Vuelve a emerger en todo su esplendor un acto cívico e institucional maravilloso: el juramento presidencial en el Congreso de la Nación y el traspaso de los atributos de mando de un presidente a otro.
Alberto Fernández se convierte en el presidente constitucional número cuarenta y dos en recibir el bastón y la banda presidencial.
Banda presidencial
En el año 1944, durante la presidencia de Edelmiro Farrell, se establecieron las características de la banda presidencial a través del decreto 10.302, el cual estableció que la misma debe estar confeccionada en gro de seda y con los colores de la bandera nacional distribuidos en tres franjas horizontales de igual tamaño, dos de ellas celestes y una blanca en el medio, con un sol bordado en el centro de la franja blanca, idéntico al grabado en las primeras monedas argentinas, de 4 centímetros de diámetro y treinta y dos rayos flamígeros y rectos de 2,5 centímetros, intercalándose uno y otro.

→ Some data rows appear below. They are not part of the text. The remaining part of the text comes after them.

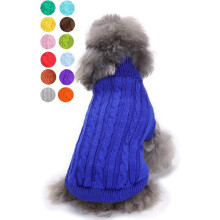 Dog Sweater Turtleneck Warm Winter Wear for Small Medium
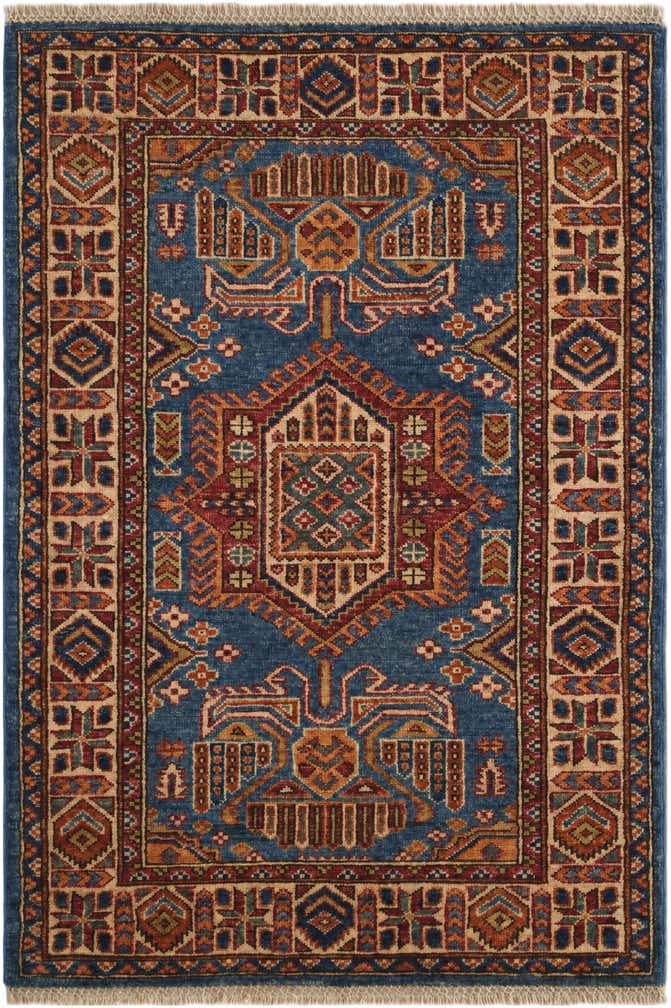 2' 8 x 3' 10 Hand Knotted Kazak Rug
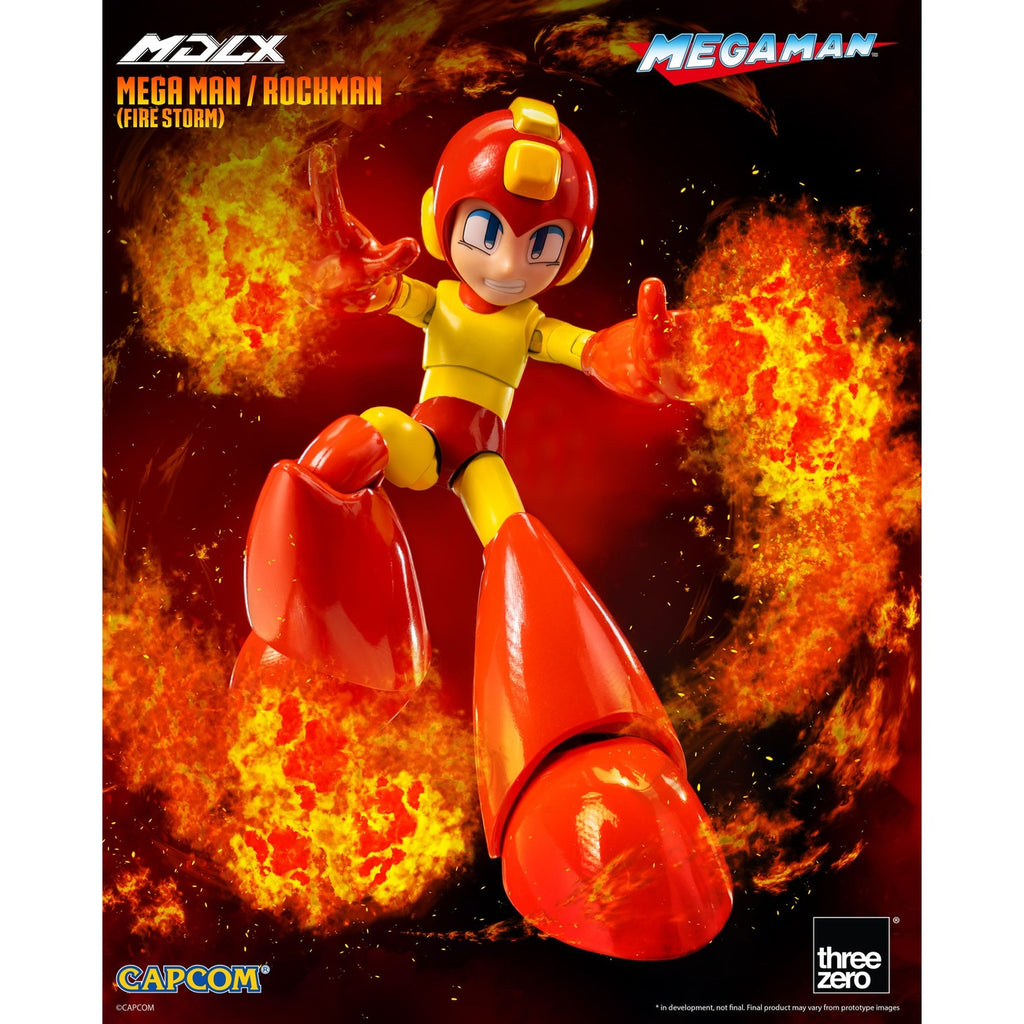 Imagen del producto Mega Man Figura de acción MDLX Mega Man / Rockman (Fire Storm) 10 cm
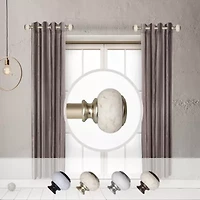 Rod Desyne Vernon 1 Adjustable Side Curtain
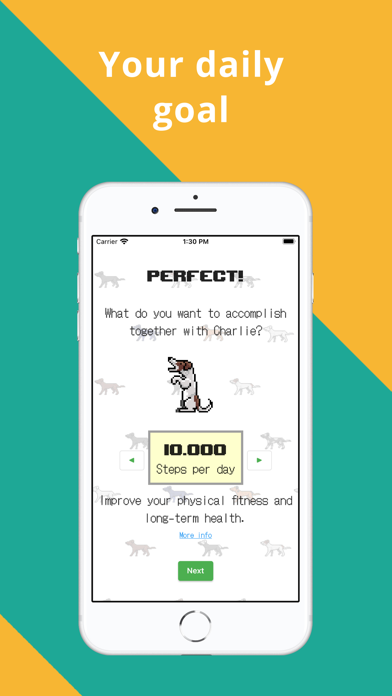 Walky: pedometer with a dog Screenshot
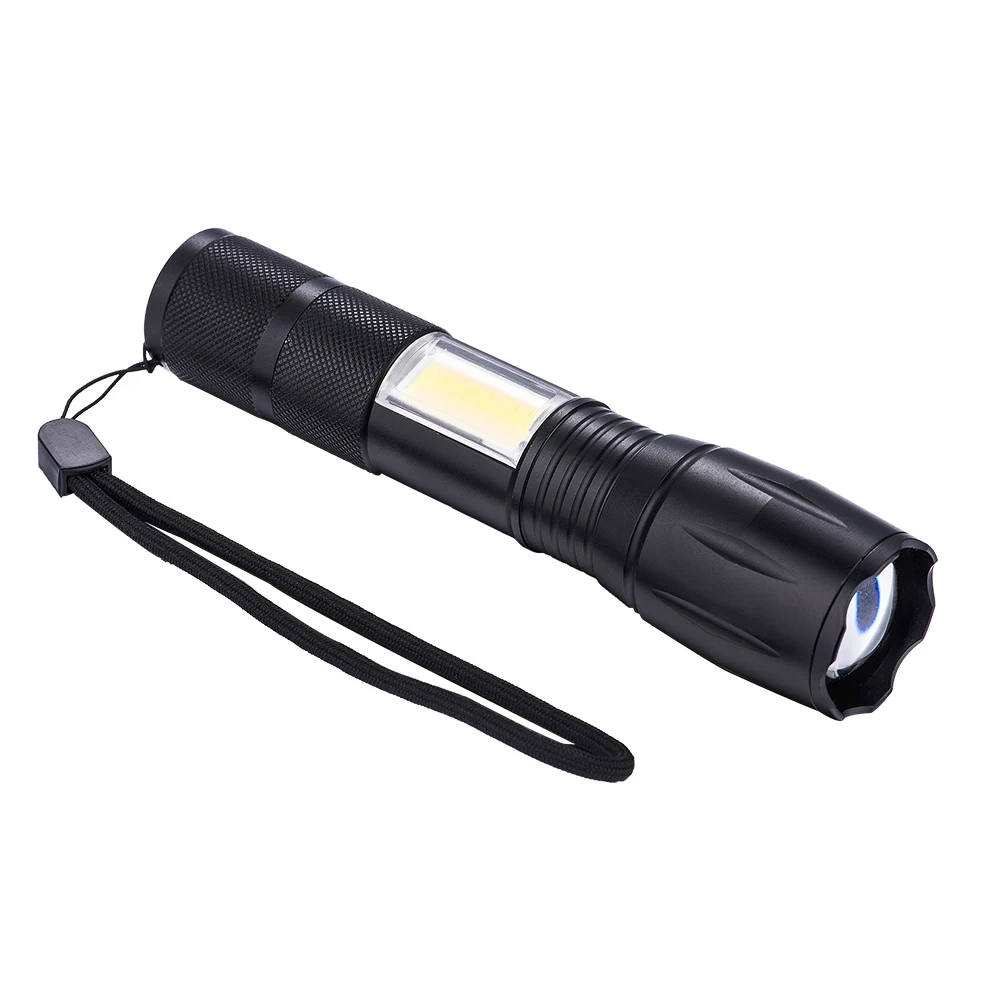 Factory Price Aluminum alloy COB Led Torch Flashlight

También dispone la norma que el color del sol debe ser amarillo oro y la banda debe tener 76 centímetros de largo por 10 centímetros de ancho, además de estar terminada con una borla de oro y flecos.
Bastón de mando
Teniendo en cuenta que tanto la banda como el bastón son propiedad de los presidentes que los utilizan, la altura de este último no es igual en todos los casos, ya que cada presidente lo manda a confeccionar según como le quede más cómodo en función de su propia estatura.
En la actualidad no existe reglamentación alguna que establezca las características que debe tener el bastón presidencial.
La posesión de la banda y el bastón presidencial no son los que confieren el poder de mando al presidente que los porta; es en cambio el juramento pretado ante la Asamblea Legislativa el que convierte al presidente electo en presidente en ejercicio.
Pero el bastón y la banda son sin embargo símbolos representativos de ese poder, tan necesario e indispensable en cualquier organización política, que ejercido en el marco de los límites que impone una Constitución, es el más maravilloso instrumento de gobierno que haya podido alguna vez crearse.